YOUR INSTRUCTIONS:
Retype, word for word, the line holding "Reply to the" and each line after it down to the end of the data; pictures are not copied.

RECORDS TO USE:
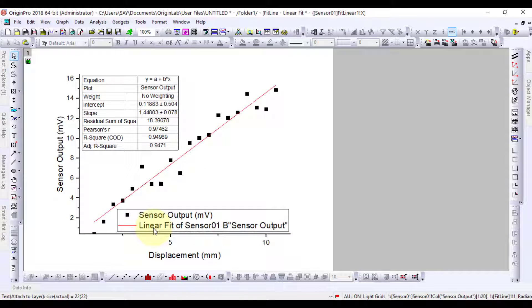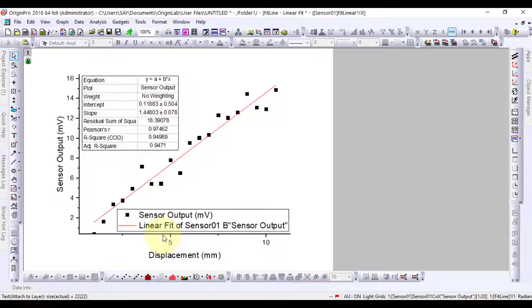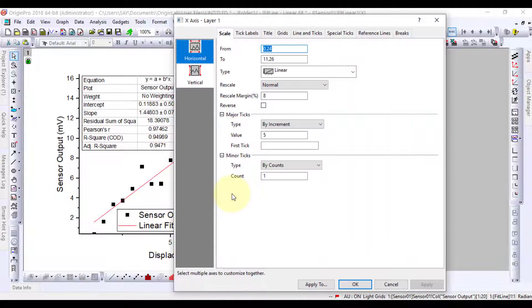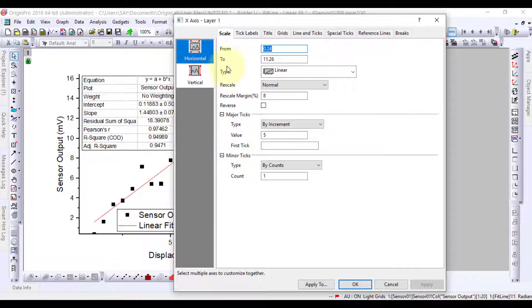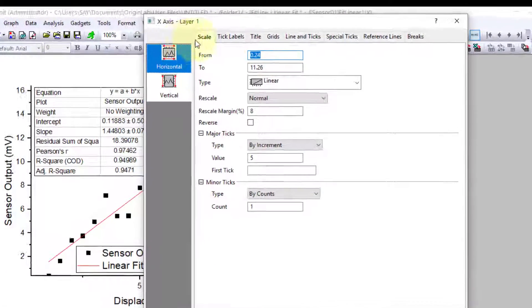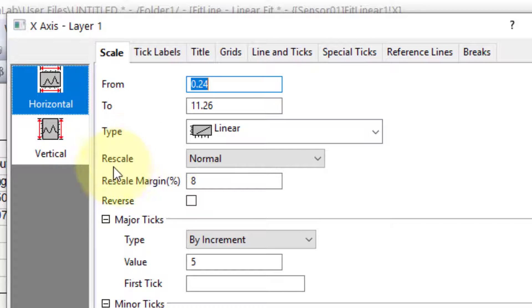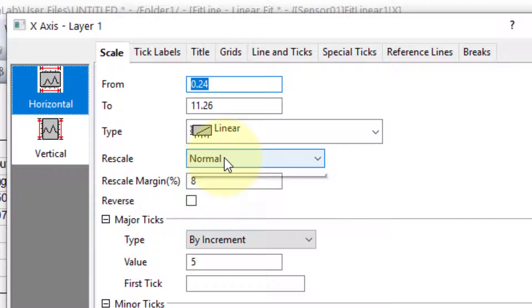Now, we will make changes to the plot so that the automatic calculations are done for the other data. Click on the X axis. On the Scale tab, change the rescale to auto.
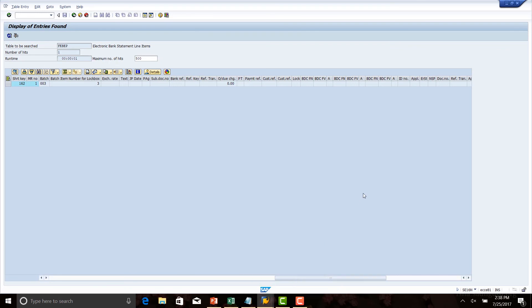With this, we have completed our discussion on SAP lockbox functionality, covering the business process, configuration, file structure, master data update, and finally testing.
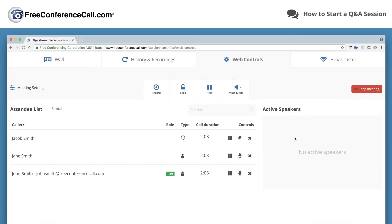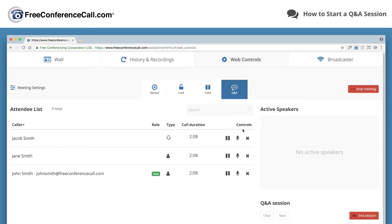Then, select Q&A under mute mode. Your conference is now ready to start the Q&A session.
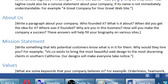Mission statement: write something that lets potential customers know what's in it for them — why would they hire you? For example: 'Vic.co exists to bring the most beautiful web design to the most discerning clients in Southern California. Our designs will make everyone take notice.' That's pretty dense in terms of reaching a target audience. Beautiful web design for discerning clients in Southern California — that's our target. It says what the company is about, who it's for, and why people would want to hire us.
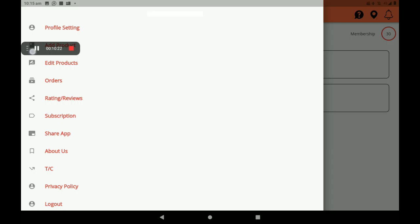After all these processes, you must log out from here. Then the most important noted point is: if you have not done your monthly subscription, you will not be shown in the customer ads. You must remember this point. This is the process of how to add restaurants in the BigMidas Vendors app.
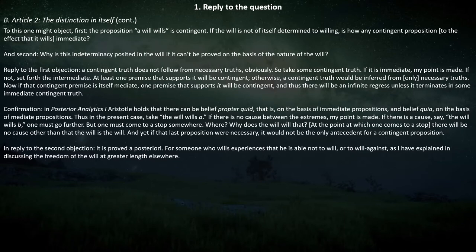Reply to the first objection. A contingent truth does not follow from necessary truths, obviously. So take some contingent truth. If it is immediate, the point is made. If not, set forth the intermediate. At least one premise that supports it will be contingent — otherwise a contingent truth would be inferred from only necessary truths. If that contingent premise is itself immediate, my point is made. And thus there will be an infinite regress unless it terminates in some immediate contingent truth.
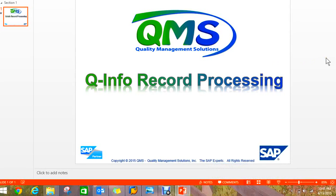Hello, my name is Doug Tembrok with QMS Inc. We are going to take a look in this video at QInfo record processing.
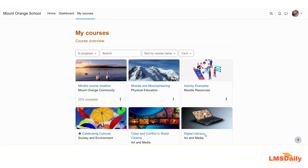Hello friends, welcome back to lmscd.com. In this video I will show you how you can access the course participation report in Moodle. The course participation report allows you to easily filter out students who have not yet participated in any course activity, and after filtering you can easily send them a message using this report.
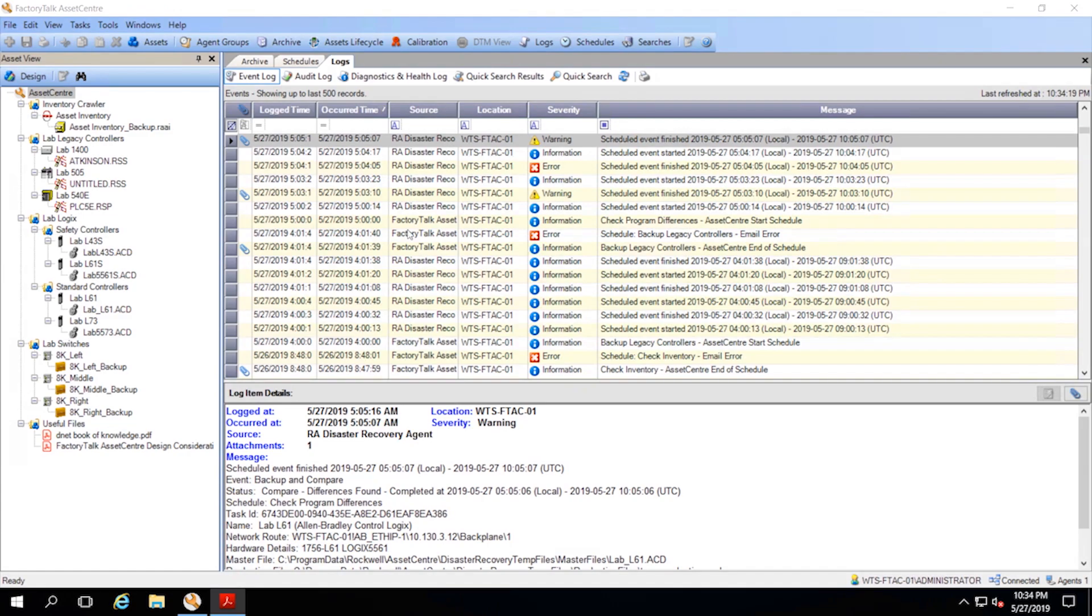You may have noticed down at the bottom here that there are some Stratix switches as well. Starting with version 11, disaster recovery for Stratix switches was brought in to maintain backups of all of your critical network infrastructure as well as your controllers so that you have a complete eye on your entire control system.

RESULT:
Reply to the first objection. A contingent truth does not follow from necessary truths, obviously. So take some contingent truth. If it is immediate, the point is made. If not, set forth the intermediate. At least one premise that supports it will be contingent — otherwise a contingent truth would be inferred from only necessary truths. If that contingent premise is itself immediate, my point is made. And thus there will be an infinite regress unless it terminates in some immediate contingent truth.
Hello, my name is Doug Tembrok with QMS Inc. We are going to take a look in this video at QInfo record processing.
Hello friends, welcome back to lmscd.com. In this video I will show you how you can access the course participation report in Moodle. The course participation report allows you to easily filter out students who have not yet participated in any course activity, and after filtering you can easily send them a message using this report.
You may have noticed down at the bottom here that there are some Stratix switches as well. Starting with version 11, disaster recovery for Stratix switches was brought in to maintain backups of all of your critical network infrastructure as well as your controllers so that you have a complete eye on your entire control system.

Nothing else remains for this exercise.